Exercise »
Return each line of the entries that holds the string "Image".

[Short text fragments from websites]
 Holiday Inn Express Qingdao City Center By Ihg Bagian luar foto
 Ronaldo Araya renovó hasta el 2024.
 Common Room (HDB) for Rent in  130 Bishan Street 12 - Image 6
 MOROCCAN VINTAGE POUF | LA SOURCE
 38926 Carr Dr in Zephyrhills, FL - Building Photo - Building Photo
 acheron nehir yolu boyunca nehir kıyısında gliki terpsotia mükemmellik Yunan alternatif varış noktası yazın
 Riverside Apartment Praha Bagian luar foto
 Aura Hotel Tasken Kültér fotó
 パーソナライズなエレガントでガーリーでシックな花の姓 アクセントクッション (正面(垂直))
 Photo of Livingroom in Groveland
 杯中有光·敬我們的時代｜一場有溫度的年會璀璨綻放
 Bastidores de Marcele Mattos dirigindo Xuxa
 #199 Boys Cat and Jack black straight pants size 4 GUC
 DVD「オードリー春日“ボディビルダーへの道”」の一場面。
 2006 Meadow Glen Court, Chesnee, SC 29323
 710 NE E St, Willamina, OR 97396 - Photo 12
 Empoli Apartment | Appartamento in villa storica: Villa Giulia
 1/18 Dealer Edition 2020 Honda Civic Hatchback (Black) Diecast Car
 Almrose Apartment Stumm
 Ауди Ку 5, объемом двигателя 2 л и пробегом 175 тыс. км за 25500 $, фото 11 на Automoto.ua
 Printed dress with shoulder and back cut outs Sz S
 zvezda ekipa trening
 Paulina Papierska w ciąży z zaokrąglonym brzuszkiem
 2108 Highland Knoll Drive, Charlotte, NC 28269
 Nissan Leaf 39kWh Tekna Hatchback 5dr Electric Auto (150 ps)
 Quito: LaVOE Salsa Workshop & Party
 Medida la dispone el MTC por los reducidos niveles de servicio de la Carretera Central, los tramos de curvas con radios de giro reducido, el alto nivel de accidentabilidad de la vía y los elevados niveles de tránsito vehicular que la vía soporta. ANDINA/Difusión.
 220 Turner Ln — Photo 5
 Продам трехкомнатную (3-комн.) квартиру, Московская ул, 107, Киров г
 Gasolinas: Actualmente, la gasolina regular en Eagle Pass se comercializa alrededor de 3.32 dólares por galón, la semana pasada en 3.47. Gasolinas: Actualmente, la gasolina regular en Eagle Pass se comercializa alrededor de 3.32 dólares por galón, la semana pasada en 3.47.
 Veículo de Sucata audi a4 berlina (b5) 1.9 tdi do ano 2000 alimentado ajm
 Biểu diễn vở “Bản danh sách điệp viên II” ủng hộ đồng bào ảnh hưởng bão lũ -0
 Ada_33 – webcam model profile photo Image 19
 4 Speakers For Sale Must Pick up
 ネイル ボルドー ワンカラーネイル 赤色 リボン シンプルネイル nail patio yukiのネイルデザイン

Written answer »
 Common Room (HDB) for Rent in  130 Bishan Street 12 - Image 6
 Ada_33 – webcam model profile photo Image 19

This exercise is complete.